What it is and what it can be used for

It is a Unix compatible command line tool intended to be used for various tasks related to modifying videos recorded with the DJI and Walksnail Avatar FPV video systems (but also works with other video sources) and working with .osd files recorded onto the goggles.

It can for example among other things transcode videos, fix the audio recorded by DJI air units and burn the OSD recorded using FPV.WTF onto a video.

How to use

Available commands

display-osd-file-info

Displays information about the specified OSD file like the recorded OSD layout and font variant which should be used to render the OSD file.

generate-overlay-frames

Generates OSD overlay frames. This command generates numbered OSD frame images from the specified OSD file and writes them into the specified output directory.

Use this command when you want to generate OSD frame images to check what the OSD looks like or when you want to manually burn the OSD onto a video.

generate-overlay-video

Generates an OSD overlay video. This command generates a transparent video with the OSD frames rendered from the specified OSD file. The generated video can then be used to play an FPV video with OSD without having to burn the OSD into the video using the play-video-with-osd command (or any other video player which can overlay a VP8/9 transparent video over another video in real time).

cut-video

Cuts a video file without transcoding by specifying the desired start and/or end timestamp.

fix-video-audio

Fixes a DJI Air Unit video's audio synchronization and/or volume

transcode-video

Transcodes a video file optionally burning OSD onto it. Also provides the option to fix the audio synchronization and/or volume at the same time as transcoding and also to hide things like dead pixels or dirt on the lens.

play-video-with-osd

Plays a video using the MPV video player with OSD by overlaying a transparent OSD video in real time. The transparent OSD video can be generated with the generate-overlay-video command.

help

Prints the CLI commands or help of the given subcommand(s)

Command aliases

The commands can be a bit long to write. For convenience they are aliased to the concatenation of the first letter of each word. For example the generate-overlay-video command can also be called with the gov command.

OSD fonts

To generate OSD overlays the OSD fonts in WTF.FPV bin format are needed. This program is using the fonts in the WTF.FPV bin format for rendering the OSD for both the DJI and Walksnail system. If needed you can convert your custom OSD font from Walksnail format to WTF.FPV bin format using hd_fpv_osd_font_tool. If you are using DJI goggles the same OSD font files you are using on your goggles can be used. You can put the files inside the ~/.local/share/hd_fpv_video_tool/fonts directory so that the program will use them automatically. You can also put them in any location on your filesystem and tell the program where to look using the DJI_OSD_FONTS_DIR environment variable or using the --font-dir or --osd-font-dir options depending on the command.

Example usage

For these examples we are assuming that:

  • You have installed the fonts in the default directory so that they will be found automatically
  • These files are present in the current directory:
    • DJIG0000.osd (the OSD file recorded by your goggles hacked with FPV.WTF)
    • DJIG0000.mp4 (video recorded by your goggles)
    • DJIU0000.mp4 (video recorded by your air unit if it has the capability)
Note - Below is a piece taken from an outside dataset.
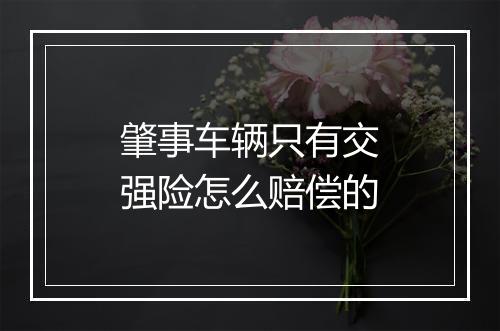 肇事车辆只有交强险怎么赔偿的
Transcoding a video and burning the OSD onto it

hd_fpv_video_tool transcode-video --osd DJIG0000.mp4

Will automatically use the DJIG0000.osd file in the same directory as the video and automatically select a name for the output file: DJIG0000_transcoded.mp4. The OSD file can automatically be found if it is named with the same DJIGXXXX prefix as the video file or with the same name but with .osd extension. You can also specify the OSD file to use and the output file name manually. The default encoder is libx265 so the output is encoded with the H.265 codec but the video encoder used can be selected with the --video-encoder option. The above command is equivalent to:

hd_fpv_video_tool transcode-video --osd-file DJIG0000.osd DJIG0000.mp4 DJIG0000_transcoded.mp4

If you want to burn the OSD onto a video coming from a DJI FPV air unit with audio you can do so while also fixing the audio synchronization and volume using this command:

hd_fpv_video_tool transcode-video --fix-audio --osd DJIU0000.mp4

Run hd_fpv_video_tool transcode-video --help or hd_fpv_video_tool help transcode-video for a list of all the options available for this command.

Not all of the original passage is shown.